As for an ML model it's basically a table of weights each connected to each other. In a sense we use "training" to find the weights to program into each node of each layer of the network.
I would still say an ML model is a program, just that humans did not directly specify each value this program. If we go back to an FPGA people rarely manually instantiate the raw building blocks instead it synthesized and routed most often by other software. Although VHDL and Verilog and such are closer to a program than training. Even with normal software code is compiled to machine instructions instead of directly specified. We still say your programming a computer even your using a compiler.
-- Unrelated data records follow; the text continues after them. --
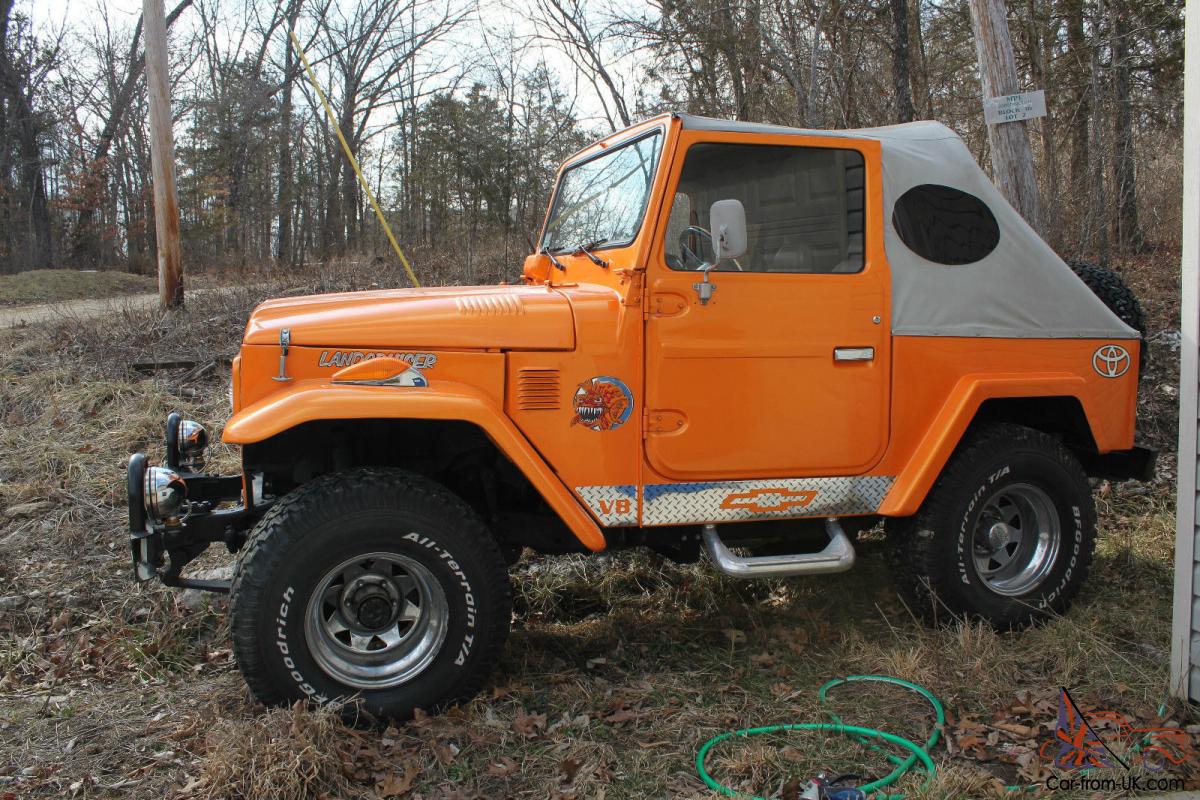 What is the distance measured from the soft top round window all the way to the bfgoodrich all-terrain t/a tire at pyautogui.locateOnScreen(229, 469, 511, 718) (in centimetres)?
229

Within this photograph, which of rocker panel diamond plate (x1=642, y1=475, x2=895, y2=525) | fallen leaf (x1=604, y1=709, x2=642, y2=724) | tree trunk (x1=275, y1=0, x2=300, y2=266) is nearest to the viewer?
fallen leaf (x1=604, y1=709, x2=642, y2=724)

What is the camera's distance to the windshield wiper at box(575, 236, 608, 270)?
3693 mm

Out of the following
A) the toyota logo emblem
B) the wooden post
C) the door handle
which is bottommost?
the toyota logo emblem

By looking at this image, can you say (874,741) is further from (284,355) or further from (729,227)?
(284,355)

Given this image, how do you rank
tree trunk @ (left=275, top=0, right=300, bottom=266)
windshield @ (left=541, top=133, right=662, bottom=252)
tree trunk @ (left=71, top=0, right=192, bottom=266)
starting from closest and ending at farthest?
1. windshield @ (left=541, top=133, right=662, bottom=252)
2. tree trunk @ (left=71, top=0, right=192, bottom=266)
3. tree trunk @ (left=275, top=0, right=300, bottom=266)

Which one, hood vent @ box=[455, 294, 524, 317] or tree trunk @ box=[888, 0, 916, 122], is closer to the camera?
hood vent @ box=[455, 294, 524, 317]

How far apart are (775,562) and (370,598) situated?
160 cm

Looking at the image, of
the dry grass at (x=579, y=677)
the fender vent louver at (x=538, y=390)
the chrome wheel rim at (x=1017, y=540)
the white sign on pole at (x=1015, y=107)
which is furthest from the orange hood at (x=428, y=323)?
the white sign on pole at (x=1015, y=107)

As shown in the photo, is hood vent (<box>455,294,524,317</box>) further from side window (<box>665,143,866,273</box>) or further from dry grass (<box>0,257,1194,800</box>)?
dry grass (<box>0,257,1194,800</box>)

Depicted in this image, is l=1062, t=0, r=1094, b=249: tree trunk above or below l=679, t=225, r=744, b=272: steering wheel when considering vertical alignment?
above

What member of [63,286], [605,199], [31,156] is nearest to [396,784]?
[605,199]

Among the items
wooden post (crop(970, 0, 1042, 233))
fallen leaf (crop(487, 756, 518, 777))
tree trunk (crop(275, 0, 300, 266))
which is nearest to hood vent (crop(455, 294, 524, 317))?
fallen leaf (crop(487, 756, 518, 777))

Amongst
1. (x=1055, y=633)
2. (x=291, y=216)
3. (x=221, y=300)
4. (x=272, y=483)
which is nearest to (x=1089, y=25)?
(x=1055, y=633)

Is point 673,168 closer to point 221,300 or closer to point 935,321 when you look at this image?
point 935,321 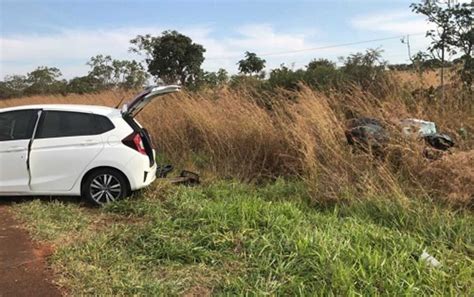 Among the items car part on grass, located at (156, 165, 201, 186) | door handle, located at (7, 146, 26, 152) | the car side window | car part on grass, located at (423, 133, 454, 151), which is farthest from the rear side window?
car part on grass, located at (423, 133, 454, 151)

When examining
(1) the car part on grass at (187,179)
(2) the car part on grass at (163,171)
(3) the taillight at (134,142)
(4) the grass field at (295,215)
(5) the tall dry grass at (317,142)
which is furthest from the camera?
(2) the car part on grass at (163,171)

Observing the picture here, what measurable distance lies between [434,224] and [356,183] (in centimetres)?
153

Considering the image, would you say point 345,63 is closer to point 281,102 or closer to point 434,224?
point 281,102

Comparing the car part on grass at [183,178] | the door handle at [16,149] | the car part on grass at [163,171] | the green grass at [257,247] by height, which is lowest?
the green grass at [257,247]

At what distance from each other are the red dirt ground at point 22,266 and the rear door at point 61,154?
3.79 ft

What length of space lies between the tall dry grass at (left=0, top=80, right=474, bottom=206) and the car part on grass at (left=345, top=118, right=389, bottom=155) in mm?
147

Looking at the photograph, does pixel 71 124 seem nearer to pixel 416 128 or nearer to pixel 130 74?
pixel 416 128

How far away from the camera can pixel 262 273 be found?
414cm

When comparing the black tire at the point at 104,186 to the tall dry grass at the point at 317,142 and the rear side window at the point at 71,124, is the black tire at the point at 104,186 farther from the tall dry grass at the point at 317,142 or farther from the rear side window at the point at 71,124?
the tall dry grass at the point at 317,142

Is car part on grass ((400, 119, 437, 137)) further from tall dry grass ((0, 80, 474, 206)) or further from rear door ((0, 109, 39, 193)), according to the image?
rear door ((0, 109, 39, 193))

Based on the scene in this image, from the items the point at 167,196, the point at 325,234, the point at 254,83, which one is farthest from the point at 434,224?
the point at 254,83

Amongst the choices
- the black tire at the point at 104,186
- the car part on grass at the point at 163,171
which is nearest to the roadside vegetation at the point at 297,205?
the black tire at the point at 104,186

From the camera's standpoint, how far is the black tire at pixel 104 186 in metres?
7.00

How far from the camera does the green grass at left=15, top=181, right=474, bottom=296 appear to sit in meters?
3.88
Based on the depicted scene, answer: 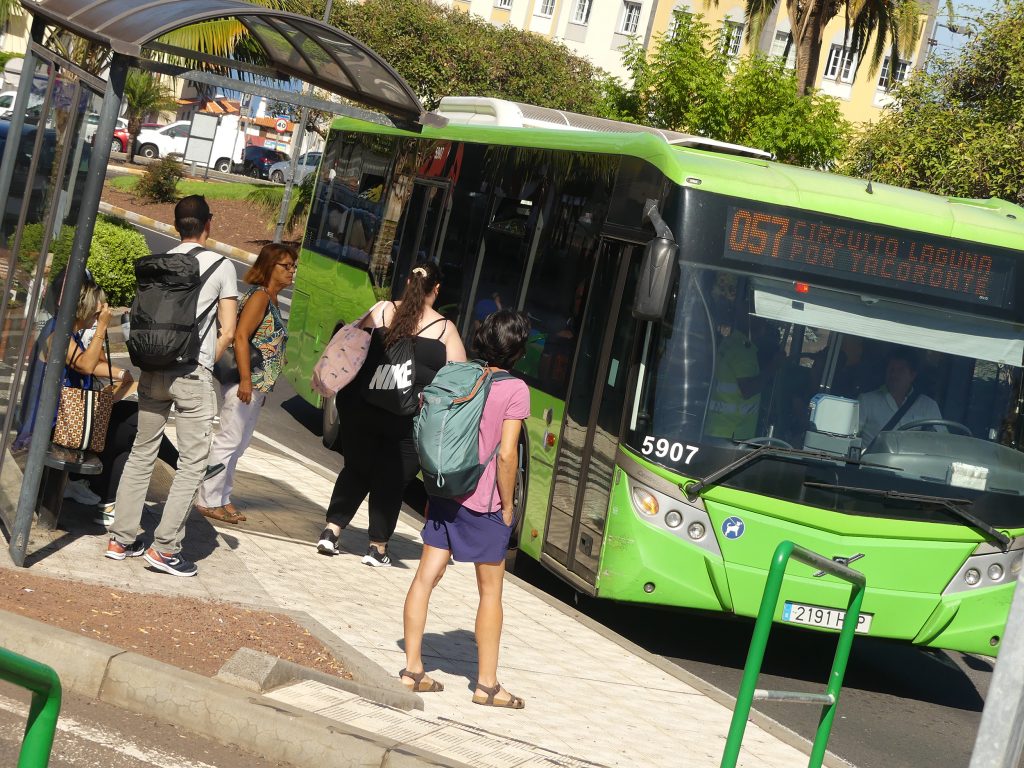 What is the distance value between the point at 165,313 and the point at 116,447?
1260 mm

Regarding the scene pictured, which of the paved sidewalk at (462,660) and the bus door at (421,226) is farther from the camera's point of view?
the bus door at (421,226)

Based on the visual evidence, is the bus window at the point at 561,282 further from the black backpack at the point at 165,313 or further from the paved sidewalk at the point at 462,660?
the black backpack at the point at 165,313

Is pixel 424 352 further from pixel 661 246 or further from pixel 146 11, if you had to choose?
pixel 146 11

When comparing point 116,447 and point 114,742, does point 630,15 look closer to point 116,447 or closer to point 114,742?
point 116,447

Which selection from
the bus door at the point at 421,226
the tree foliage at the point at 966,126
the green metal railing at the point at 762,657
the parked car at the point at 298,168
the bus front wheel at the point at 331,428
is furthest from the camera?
the parked car at the point at 298,168

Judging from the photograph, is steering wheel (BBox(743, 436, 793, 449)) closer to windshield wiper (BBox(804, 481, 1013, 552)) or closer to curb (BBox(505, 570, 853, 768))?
windshield wiper (BBox(804, 481, 1013, 552))

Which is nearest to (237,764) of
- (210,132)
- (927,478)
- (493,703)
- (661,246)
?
(493,703)

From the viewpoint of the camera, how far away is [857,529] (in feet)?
27.5

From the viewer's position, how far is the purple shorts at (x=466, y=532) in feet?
21.1

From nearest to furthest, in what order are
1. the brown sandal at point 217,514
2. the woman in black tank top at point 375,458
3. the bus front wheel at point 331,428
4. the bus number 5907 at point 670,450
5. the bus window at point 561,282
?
the bus number 5907 at point 670,450, the woman in black tank top at point 375,458, the brown sandal at point 217,514, the bus window at point 561,282, the bus front wheel at point 331,428

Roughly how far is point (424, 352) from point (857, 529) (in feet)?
9.08

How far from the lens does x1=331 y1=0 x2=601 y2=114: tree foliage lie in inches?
1788

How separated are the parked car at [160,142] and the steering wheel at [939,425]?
1961 inches

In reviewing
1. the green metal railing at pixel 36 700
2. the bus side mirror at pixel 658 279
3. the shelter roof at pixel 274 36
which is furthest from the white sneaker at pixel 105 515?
the green metal railing at pixel 36 700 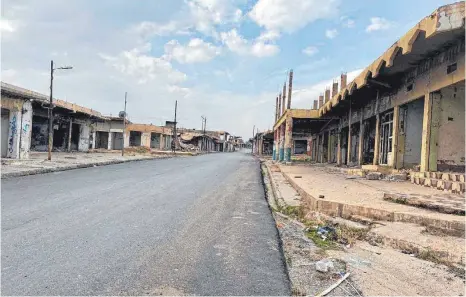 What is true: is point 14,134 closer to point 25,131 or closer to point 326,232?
point 25,131

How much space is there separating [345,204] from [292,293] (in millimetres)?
3298

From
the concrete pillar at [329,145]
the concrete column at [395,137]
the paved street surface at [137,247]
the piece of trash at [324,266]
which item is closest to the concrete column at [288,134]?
the concrete pillar at [329,145]

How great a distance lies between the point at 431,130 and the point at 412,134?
7.72ft

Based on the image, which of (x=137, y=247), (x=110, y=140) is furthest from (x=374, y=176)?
(x=110, y=140)

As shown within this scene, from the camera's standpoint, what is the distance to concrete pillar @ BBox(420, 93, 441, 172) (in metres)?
9.95

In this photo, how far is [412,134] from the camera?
12234mm

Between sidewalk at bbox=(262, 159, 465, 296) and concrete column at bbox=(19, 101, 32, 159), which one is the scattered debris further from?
concrete column at bbox=(19, 101, 32, 159)

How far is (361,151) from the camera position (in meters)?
17.6

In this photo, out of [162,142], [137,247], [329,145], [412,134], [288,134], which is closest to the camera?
[137,247]

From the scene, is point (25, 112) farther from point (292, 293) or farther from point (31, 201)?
point (292, 293)

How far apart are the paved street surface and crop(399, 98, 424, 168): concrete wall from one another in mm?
7473

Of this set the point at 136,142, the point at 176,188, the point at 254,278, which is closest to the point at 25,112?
the point at 176,188

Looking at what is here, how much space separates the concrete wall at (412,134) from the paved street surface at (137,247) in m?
7.47

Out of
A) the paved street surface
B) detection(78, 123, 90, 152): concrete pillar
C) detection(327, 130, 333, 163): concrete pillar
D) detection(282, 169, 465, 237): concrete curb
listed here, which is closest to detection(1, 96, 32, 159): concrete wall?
the paved street surface
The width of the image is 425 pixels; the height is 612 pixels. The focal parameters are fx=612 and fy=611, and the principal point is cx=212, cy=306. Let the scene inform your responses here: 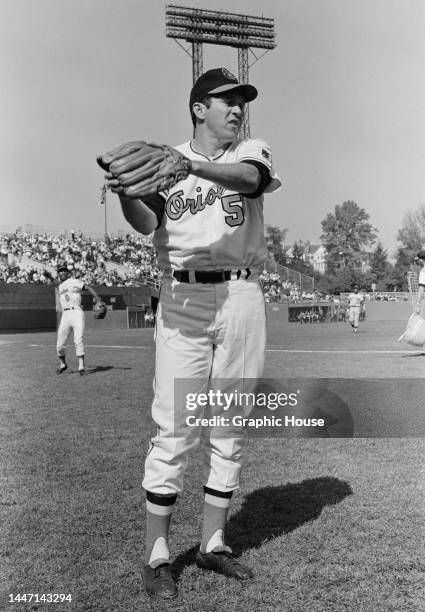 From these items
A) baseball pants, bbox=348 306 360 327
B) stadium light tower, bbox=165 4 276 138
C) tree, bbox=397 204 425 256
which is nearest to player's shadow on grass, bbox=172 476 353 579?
baseball pants, bbox=348 306 360 327

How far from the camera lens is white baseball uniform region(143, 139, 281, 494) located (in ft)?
8.43

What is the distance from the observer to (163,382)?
8.45 ft

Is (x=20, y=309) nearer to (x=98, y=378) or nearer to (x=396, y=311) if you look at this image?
(x=98, y=378)

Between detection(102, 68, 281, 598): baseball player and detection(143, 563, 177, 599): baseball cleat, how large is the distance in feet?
0.05

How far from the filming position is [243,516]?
3262 millimetres

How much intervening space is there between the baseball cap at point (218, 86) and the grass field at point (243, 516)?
6.62 ft

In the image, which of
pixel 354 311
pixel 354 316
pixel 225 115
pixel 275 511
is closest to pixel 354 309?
pixel 354 311

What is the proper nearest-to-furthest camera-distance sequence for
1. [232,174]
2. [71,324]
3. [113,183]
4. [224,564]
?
[113,183] → [232,174] → [224,564] → [71,324]

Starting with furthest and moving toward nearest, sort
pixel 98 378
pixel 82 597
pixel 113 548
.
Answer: pixel 98 378, pixel 113 548, pixel 82 597

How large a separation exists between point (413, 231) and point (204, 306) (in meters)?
54.0

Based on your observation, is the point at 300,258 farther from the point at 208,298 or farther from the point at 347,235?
the point at 208,298

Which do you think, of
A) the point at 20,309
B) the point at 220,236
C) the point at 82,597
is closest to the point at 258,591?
the point at 82,597

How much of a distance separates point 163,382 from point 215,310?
0.37 m

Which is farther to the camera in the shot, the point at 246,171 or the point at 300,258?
the point at 300,258
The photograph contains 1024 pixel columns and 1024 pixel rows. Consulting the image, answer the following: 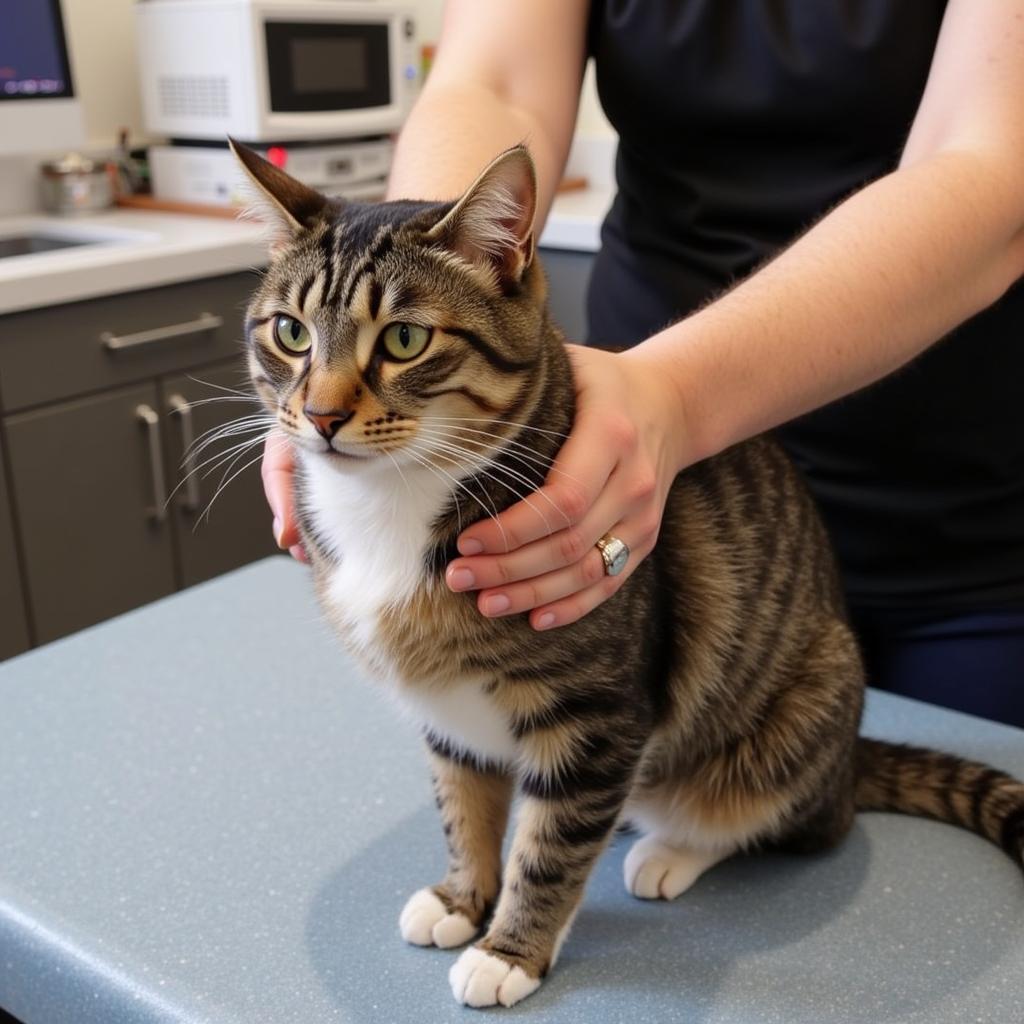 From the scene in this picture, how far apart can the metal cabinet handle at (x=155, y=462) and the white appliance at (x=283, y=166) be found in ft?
2.16

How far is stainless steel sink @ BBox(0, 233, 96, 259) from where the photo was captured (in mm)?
2688

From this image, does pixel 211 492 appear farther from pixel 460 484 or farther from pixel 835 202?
pixel 460 484

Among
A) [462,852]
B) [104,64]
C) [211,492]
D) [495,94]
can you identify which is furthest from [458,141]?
[104,64]

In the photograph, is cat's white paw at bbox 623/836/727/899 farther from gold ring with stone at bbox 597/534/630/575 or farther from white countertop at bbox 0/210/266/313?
white countertop at bbox 0/210/266/313

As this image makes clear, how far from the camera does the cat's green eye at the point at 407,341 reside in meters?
0.80

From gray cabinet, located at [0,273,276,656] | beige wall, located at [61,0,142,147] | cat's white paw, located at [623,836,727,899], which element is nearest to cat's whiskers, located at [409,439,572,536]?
cat's white paw, located at [623,836,727,899]

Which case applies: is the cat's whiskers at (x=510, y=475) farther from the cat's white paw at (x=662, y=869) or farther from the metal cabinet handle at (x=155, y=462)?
the metal cabinet handle at (x=155, y=462)

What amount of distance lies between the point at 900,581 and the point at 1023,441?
8.0 inches

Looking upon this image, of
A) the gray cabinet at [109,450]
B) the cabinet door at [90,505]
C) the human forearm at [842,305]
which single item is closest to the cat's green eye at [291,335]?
the human forearm at [842,305]

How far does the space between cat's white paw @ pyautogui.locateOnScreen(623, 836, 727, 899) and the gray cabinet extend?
1.53 metres

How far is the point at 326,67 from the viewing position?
2.81 meters

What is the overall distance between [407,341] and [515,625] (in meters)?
0.22

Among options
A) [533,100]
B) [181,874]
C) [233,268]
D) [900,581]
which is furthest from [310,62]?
[181,874]

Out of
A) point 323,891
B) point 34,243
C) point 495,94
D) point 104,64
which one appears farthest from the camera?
point 104,64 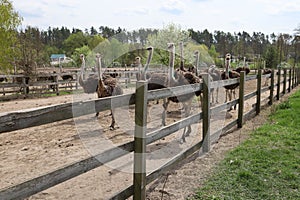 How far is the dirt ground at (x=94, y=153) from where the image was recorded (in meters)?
3.43

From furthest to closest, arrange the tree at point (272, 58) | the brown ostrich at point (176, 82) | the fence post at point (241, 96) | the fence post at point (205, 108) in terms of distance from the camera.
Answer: the tree at point (272, 58) → the fence post at point (241, 96) → the brown ostrich at point (176, 82) → the fence post at point (205, 108)

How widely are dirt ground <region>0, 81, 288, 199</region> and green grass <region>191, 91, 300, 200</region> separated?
0.21 metres

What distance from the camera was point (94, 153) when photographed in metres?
4.61

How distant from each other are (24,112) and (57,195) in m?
1.85

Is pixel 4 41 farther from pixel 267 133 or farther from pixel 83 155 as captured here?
pixel 267 133

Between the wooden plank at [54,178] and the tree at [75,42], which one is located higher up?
the tree at [75,42]

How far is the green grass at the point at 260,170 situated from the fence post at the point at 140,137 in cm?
69

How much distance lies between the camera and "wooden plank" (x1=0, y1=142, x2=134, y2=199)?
1.73 meters

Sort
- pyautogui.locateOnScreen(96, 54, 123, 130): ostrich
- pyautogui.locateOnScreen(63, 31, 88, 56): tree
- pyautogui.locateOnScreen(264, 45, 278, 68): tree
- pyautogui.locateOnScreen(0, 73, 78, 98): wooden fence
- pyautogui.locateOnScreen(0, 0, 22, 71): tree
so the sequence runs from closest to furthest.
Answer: pyautogui.locateOnScreen(96, 54, 123, 130): ostrich
pyautogui.locateOnScreen(0, 73, 78, 98): wooden fence
pyautogui.locateOnScreen(0, 0, 22, 71): tree
pyautogui.locateOnScreen(264, 45, 278, 68): tree
pyautogui.locateOnScreen(63, 31, 88, 56): tree

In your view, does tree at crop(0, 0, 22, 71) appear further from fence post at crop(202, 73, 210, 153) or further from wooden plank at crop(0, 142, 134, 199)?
wooden plank at crop(0, 142, 134, 199)

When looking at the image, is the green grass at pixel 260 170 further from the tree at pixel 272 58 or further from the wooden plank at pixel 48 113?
the tree at pixel 272 58

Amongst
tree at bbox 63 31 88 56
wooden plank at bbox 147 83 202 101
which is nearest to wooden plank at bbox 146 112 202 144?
wooden plank at bbox 147 83 202 101

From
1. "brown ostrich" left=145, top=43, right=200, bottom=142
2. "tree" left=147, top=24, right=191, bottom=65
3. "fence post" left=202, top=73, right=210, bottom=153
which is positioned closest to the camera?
"fence post" left=202, top=73, right=210, bottom=153

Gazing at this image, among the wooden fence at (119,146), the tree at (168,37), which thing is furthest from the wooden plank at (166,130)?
the tree at (168,37) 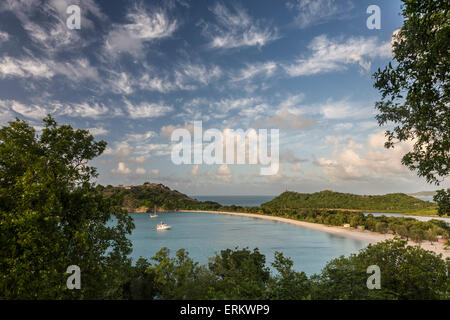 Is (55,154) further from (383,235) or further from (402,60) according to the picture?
(383,235)

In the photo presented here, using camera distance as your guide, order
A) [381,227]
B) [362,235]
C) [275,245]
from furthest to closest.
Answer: [362,235], [381,227], [275,245]

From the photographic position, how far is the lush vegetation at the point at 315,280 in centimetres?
574

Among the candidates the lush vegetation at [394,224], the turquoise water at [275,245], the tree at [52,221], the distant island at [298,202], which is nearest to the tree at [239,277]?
the tree at [52,221]

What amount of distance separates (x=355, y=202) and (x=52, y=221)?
11705cm

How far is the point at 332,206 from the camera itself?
102375 millimetres

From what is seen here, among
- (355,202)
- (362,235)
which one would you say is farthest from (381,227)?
(355,202)

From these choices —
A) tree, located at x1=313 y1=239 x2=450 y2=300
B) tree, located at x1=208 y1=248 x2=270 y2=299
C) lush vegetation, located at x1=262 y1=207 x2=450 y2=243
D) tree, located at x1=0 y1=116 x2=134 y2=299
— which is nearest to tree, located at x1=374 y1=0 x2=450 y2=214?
tree, located at x1=313 y1=239 x2=450 y2=300

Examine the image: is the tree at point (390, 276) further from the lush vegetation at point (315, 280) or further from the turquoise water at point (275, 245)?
the turquoise water at point (275, 245)

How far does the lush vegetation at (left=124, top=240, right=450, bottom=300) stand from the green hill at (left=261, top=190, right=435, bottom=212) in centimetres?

Just because the end results are based off of statistics and your input data I would still say training is a form programming. Just training tells you it was very indirect.
That aside I would agree that model or tools, and creator were under no oath so the reason here makes sense.
Single thing or human is always biased. Because that's how mind works. Out of zillions of possible guesses and decisions it uses only a small coherent subset. Which is always a non-representative subset. I.e. it's biased.
Minor quibble: I think the majority of bias would creep in when training, not necessarily during writing the code. If trained on biased data you'll get biased results. RLHF by it's nature is likely to introduce bias, but maybe bias most are ok with, but maybe not lawyers. Later, while actually serving responses, it's possible that OpenAI/others introduce checks for certain things (e.g. does the input contain the word 'gun'? If so refuse to answer) that are also sources of bias. In theory you could also taint the responses by changing the prompt, but that seems unlikely.
All this just to say that I think the judge is right to do this, his bias argument is a bit of a miss.